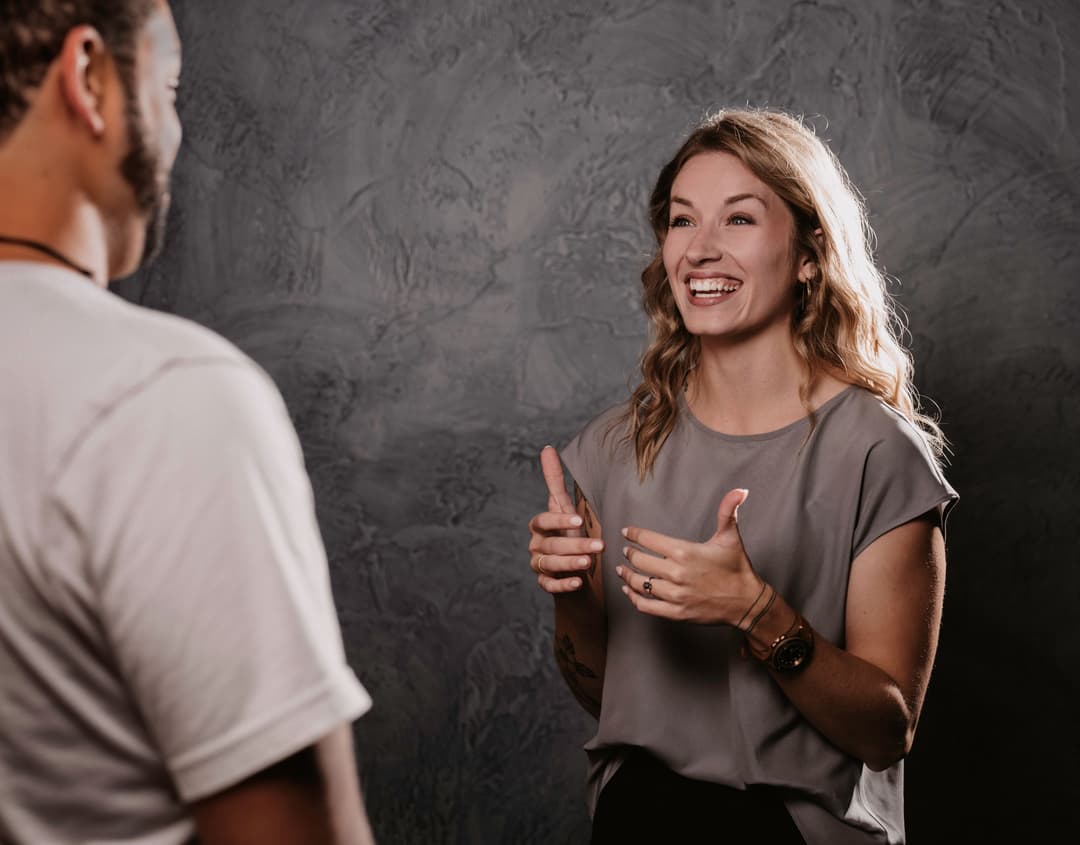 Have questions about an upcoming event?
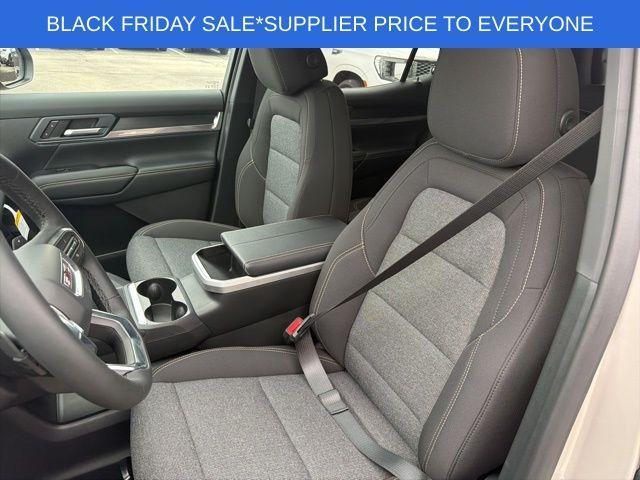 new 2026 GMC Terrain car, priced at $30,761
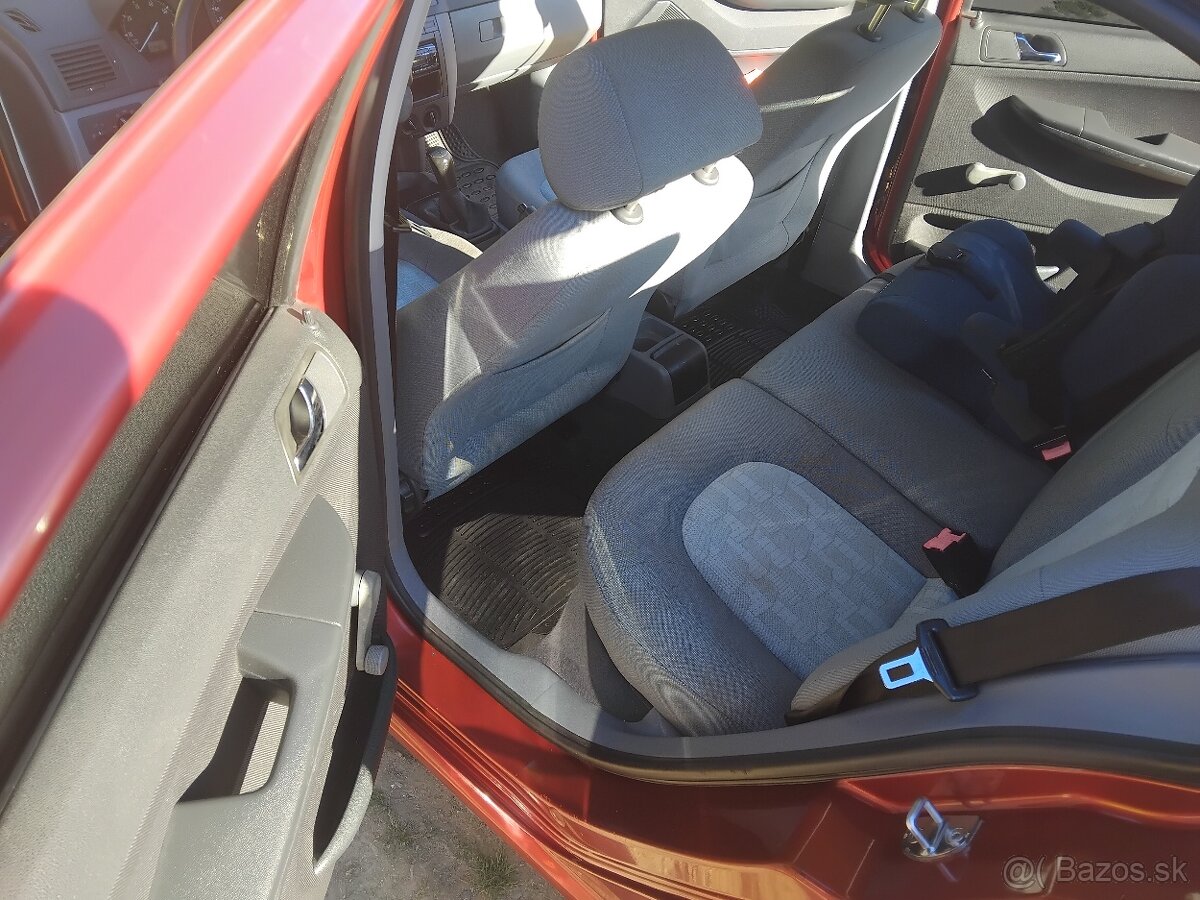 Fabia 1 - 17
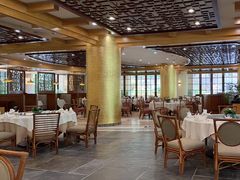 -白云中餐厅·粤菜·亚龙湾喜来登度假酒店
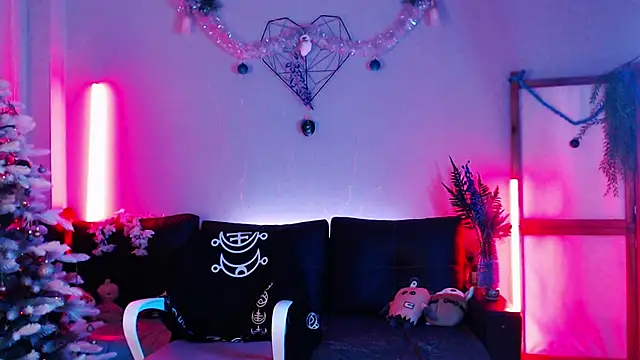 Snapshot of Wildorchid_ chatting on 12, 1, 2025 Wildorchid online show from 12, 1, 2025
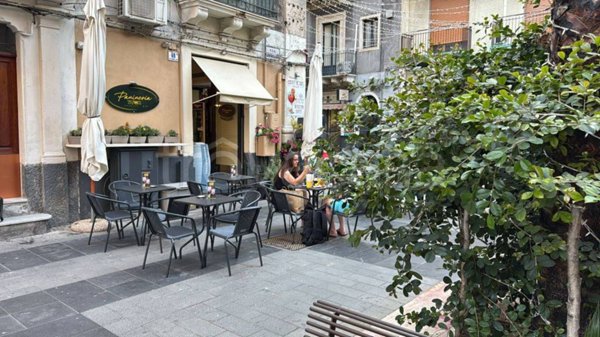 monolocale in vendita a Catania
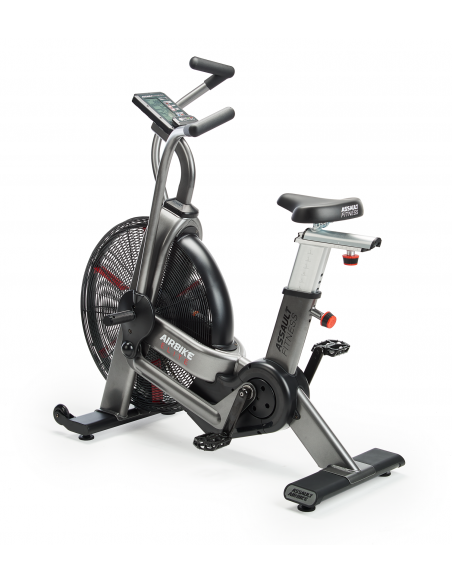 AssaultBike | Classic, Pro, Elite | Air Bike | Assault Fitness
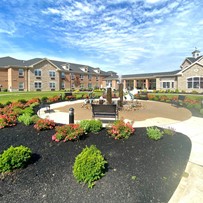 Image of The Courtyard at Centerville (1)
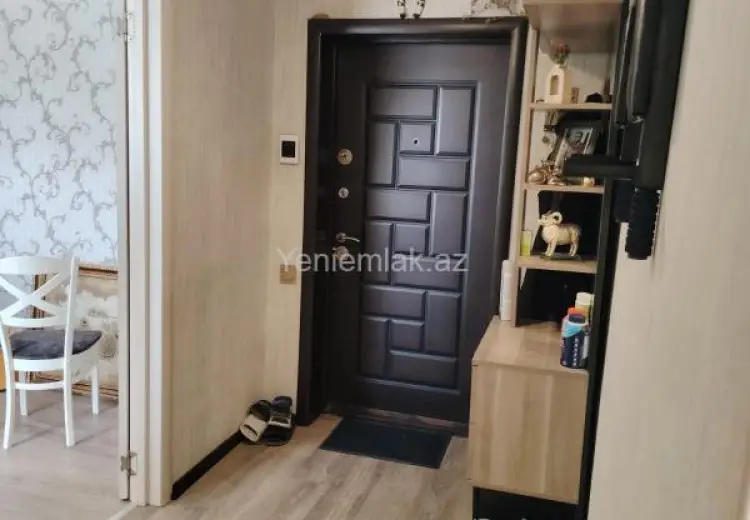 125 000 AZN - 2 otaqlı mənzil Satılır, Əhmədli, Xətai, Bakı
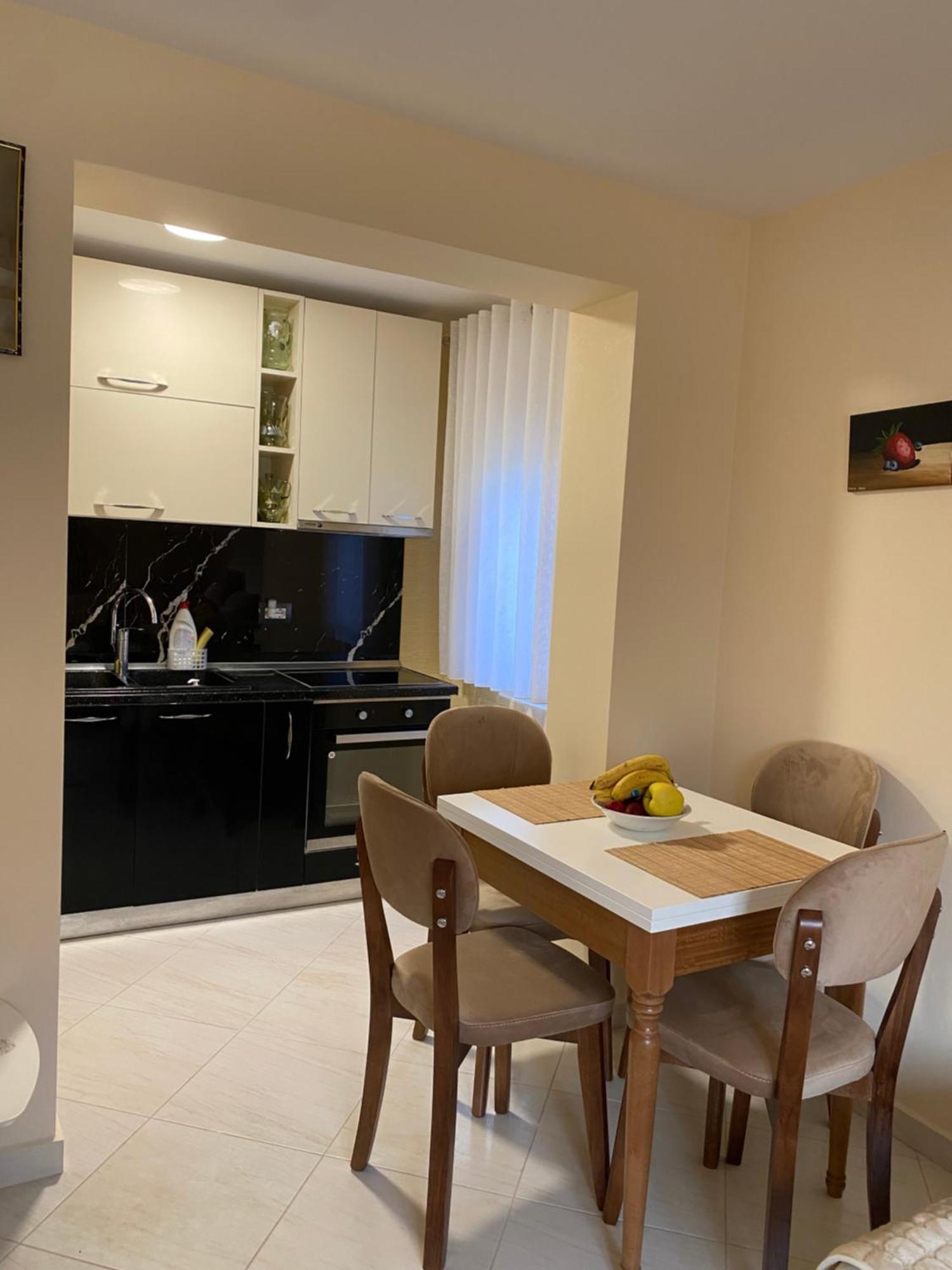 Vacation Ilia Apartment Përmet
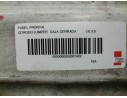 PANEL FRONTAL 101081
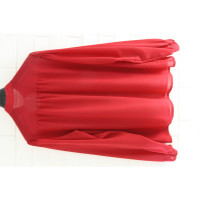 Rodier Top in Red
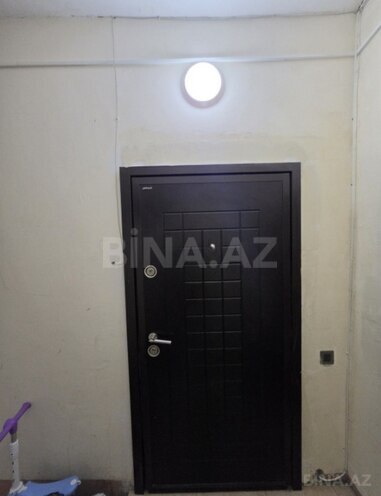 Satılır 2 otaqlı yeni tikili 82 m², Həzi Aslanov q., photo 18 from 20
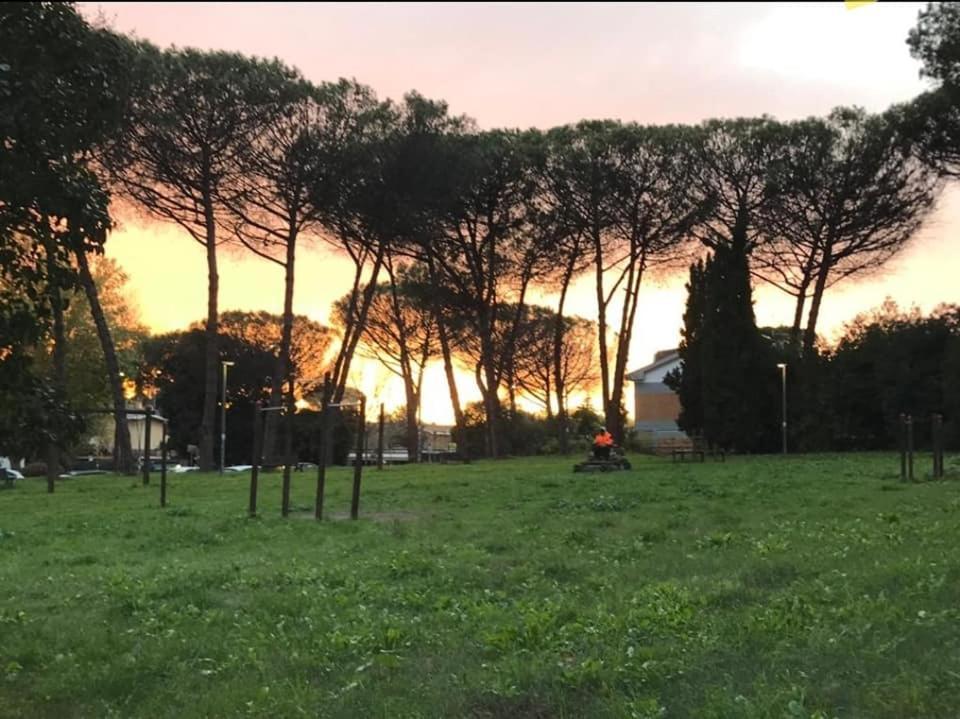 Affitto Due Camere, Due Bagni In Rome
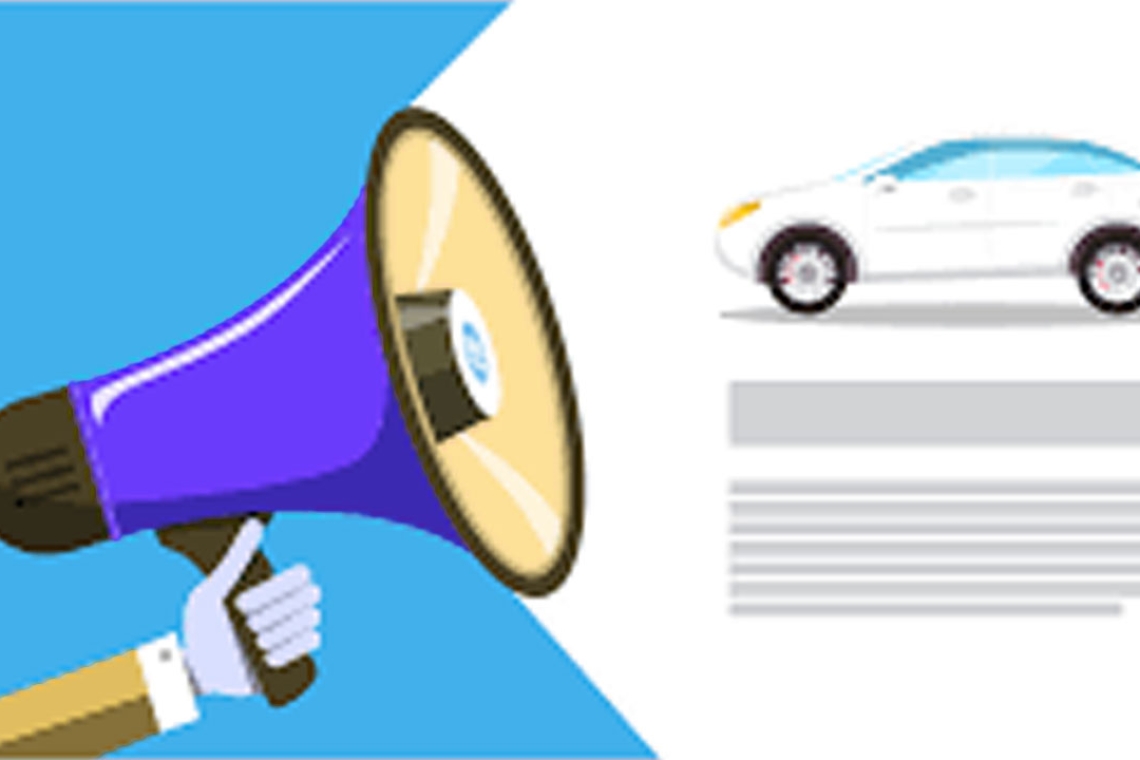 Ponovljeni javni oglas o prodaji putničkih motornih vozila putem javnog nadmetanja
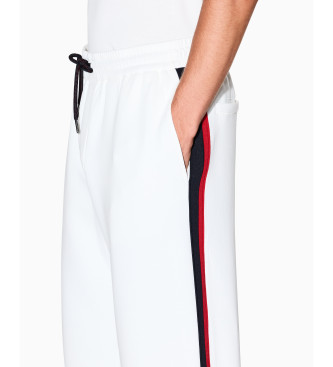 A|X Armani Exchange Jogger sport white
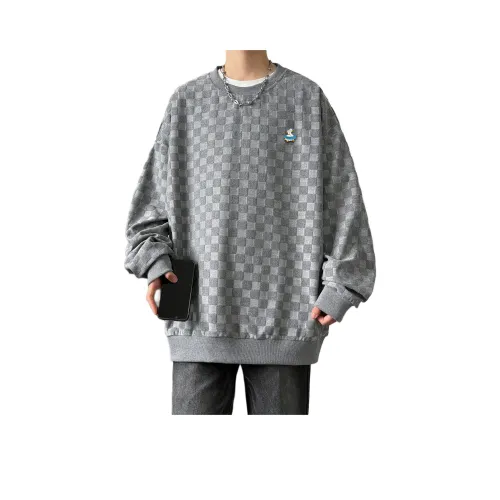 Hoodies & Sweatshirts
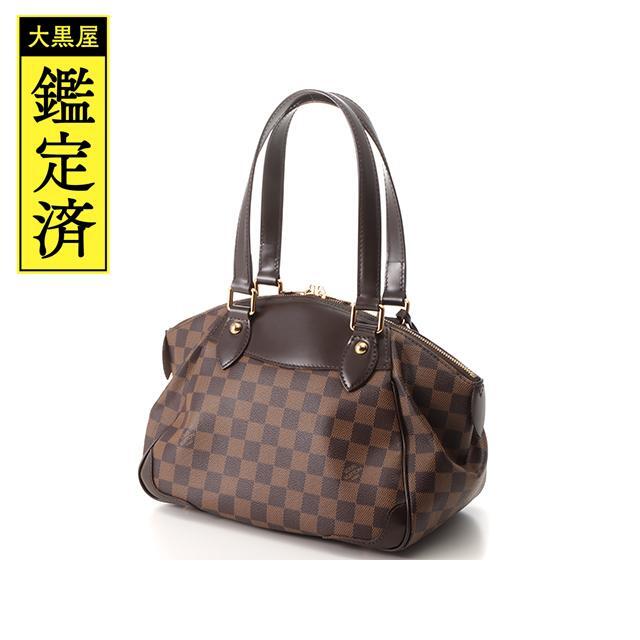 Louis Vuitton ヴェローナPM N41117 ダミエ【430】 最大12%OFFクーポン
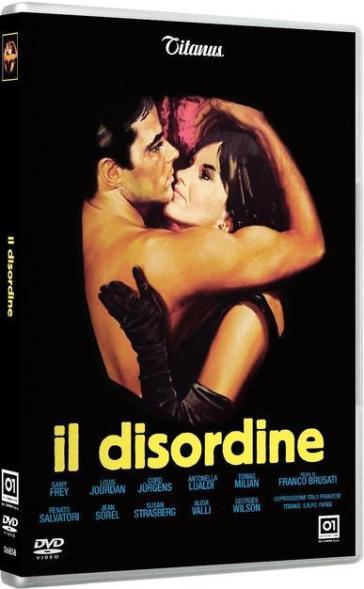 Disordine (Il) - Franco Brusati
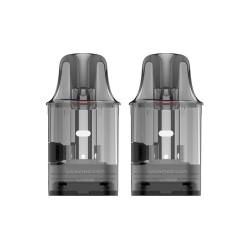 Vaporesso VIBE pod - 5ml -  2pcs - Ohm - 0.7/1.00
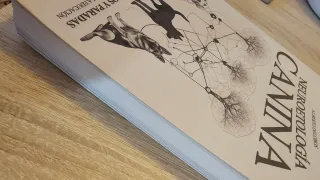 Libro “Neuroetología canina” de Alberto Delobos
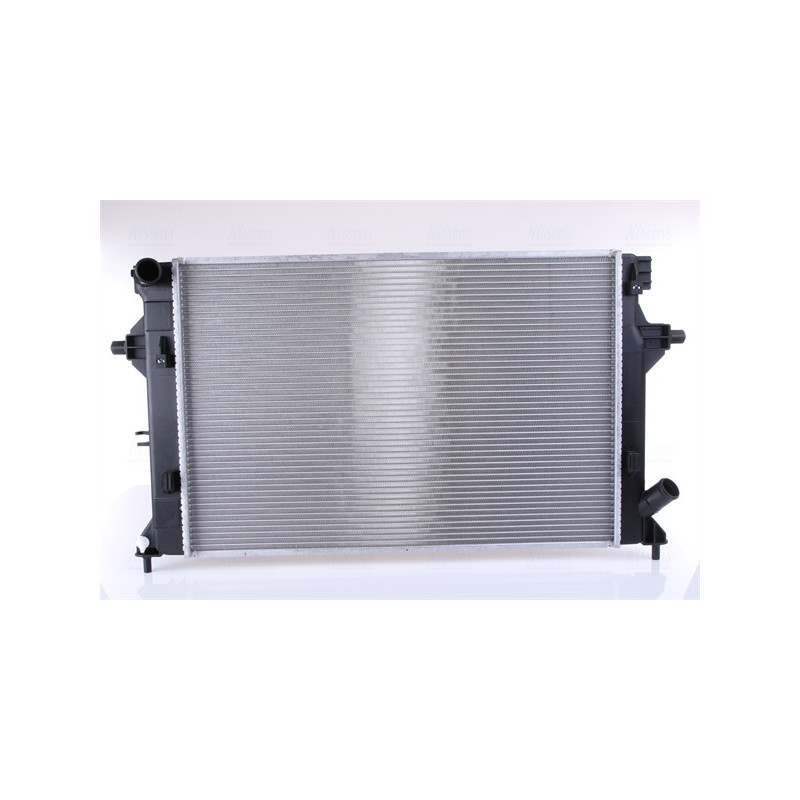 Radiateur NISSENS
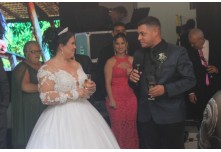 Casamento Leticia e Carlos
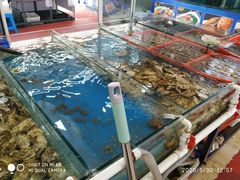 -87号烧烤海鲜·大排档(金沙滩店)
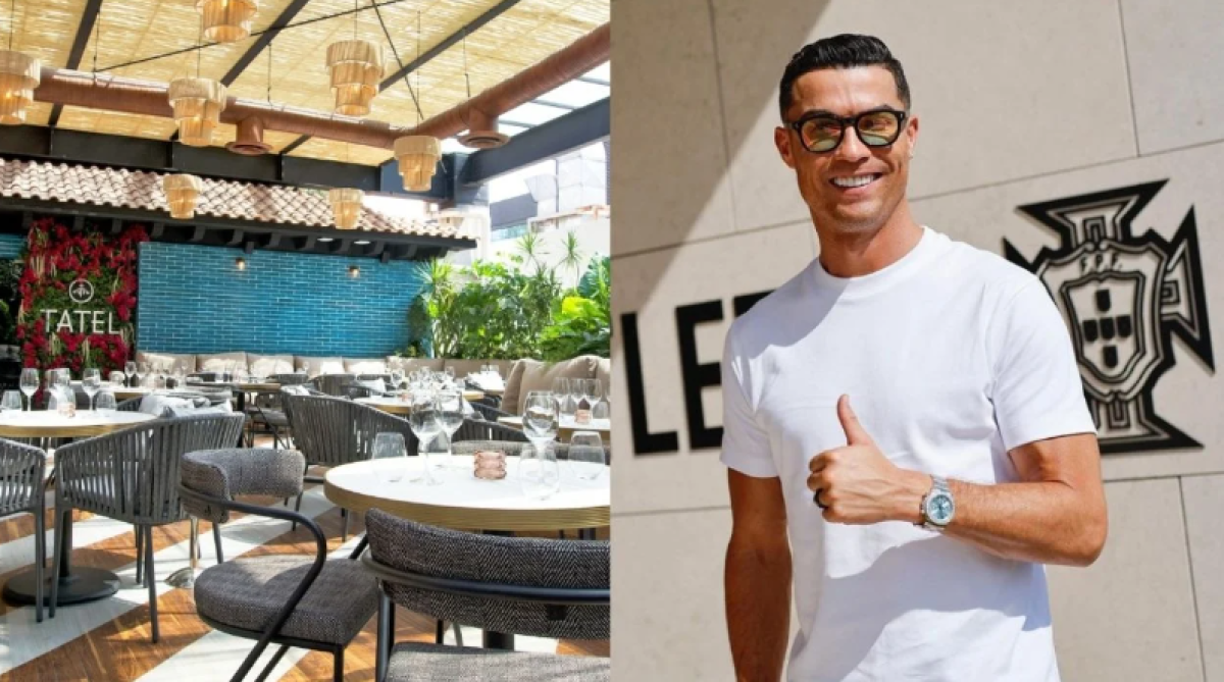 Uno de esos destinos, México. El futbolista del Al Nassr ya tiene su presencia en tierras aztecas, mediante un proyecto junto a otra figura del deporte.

■ Your assignment: Output only the lines running from the one containing "-87号烧烤海鲜·大排档(金沙滩店)" to the end of the records, inclusive and exact; skip the pictures.

■ Solved problem:
 -87号烧烤海鲜·大排档(金沙滩店)
 Uno de esos destinos, México. El futbolista del Al Nassr ya tiene su presencia en tierras aztecas, mediante un proyecto junto a otra figura del deporte.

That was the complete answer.